* _ABOUT THIS EXERCISE_: Without leaving anything out, print every line of the data.

** DATA EXTRACT follows **

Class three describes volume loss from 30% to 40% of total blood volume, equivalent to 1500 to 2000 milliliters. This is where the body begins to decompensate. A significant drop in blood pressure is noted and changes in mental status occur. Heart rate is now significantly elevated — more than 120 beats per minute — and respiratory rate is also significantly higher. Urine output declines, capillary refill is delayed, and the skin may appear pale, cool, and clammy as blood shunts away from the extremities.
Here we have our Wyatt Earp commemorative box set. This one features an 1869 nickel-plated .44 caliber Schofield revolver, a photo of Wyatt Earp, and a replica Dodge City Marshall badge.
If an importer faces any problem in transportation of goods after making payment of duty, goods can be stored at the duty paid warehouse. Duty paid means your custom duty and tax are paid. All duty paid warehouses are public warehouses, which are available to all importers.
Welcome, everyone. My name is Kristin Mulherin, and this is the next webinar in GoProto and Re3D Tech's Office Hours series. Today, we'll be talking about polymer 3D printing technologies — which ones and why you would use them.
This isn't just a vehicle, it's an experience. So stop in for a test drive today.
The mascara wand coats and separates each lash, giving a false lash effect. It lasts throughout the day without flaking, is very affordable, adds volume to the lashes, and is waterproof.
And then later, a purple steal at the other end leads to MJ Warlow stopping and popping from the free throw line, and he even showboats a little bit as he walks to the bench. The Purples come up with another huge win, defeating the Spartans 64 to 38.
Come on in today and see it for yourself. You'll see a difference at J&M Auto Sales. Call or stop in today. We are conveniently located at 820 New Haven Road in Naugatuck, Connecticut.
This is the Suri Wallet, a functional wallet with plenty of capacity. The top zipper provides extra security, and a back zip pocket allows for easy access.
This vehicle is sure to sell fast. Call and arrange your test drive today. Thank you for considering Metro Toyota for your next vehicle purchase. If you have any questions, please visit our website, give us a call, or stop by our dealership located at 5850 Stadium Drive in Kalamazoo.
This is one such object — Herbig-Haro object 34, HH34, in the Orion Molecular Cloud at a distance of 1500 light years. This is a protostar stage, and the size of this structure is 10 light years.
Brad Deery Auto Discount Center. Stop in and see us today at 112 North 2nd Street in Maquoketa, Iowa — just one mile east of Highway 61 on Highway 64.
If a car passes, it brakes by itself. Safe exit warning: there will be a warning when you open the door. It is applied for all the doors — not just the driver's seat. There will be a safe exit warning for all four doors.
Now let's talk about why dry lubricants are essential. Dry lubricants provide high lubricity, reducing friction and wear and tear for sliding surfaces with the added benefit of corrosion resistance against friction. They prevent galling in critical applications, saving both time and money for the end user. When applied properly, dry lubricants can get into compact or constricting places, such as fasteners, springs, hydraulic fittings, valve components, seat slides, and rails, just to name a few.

** End of DATA EXTRACT **

* _SOLUTION FOR THIS EXERCISE_:
Class three describes volume loss from 30% to 40% of total blood volume, equivalent to 1500 to 2000 milliliters. This is where the body begins to decompensate. A significant drop in blood pressure is noted and changes in mental status occur. Heart rate is now significantly elevated — more than 120 beats per minute — and respiratory rate is also significantly higher. Urine output declines, capillary refill is delayed, and the skin may appear pale, cool, and clammy as blood shunts away from the extremities.
Here we have our Wyatt Earp commemorative box set. This one features an 1869 nickel-plated .44 caliber Schofield revolver, a photo of Wyatt Earp, and a replica Dodge City Marshall badge.
If an importer faces any problem in transportation of goods after making payment of duty, goods can be stored at the duty paid warehouse. Duty paid means your custom duty and tax are paid. All duty paid warehouses are public warehouses, which are available to all importers.
Welcome, everyone. My name is Kristin Mulherin, and this is the next webinar in GoProto and Re3D Tech's Office Hours series. Today, we'll be talking about polymer 3D printing technologies — which ones and why you would use them.
This isn't just a vehicle, it's an experience. So stop in for a test drive today.
The mascara wand coats and separates each lash, giving a false lash effect. It lasts throughout the day without flaking, is very affordable, adds volume to the lashes, and is waterproof.
And then later, a purple steal at the other end leads to MJ Warlow stopping and popping from the free throw line, and he even showboats a little bit as he walks to the bench. The Purples come up with another huge win, defeating the Spartans 64 to 38.
Come on in today and see it for yourself. You'll see a difference at J&M Auto Sales. Call or stop in today. We are conveniently located at 820 New Haven Road in Naugatuck, Connecticut.
This is the Suri Wallet, a functional wallet with plenty of capacity. The top zipper provides extra security, and a back zip pocket allows for easy access.
This vehicle is sure to sell fast. Call and arrange your test drive today. Thank you for considering Metro Toyota for your next vehicle purchase. If you have any questions, please visit our website, give us a call, or stop by our dealership located at 5850 Stadium Drive in Kalamazoo.
This is one such object — Herbig-Haro object 34, HH34, in the Orion Molecular Cloud at a distance of 1500 light years. This is a protostar stage, and the size of this structure is 10 light years.
Brad Deery Auto Discount Center. Stop in and see us today at 112 North 2nd Street in Maquoketa, Iowa — just one mile east of Highway 61 on Highway 64.
If a car passes, it brakes by itself. Safe exit warning: there will be a warning when you open the door. It is applied for all the doors — not just the driver's seat. There will be a safe exit warning for all four doors.
Now let's talk about why dry lubricants are essential. Dry lubricants provide high lubricity, reducing friction and wear and tear for sliding surfaces with the added benefit of corrosion resistance against friction. They prevent galling in critical applications, saving both time and money for the end user. When applied properly, dry lubricants can get into compact or constricting places, such as fasteners, springs, hydraulic fittings, valve components, seat slides, and rails, just to name a few.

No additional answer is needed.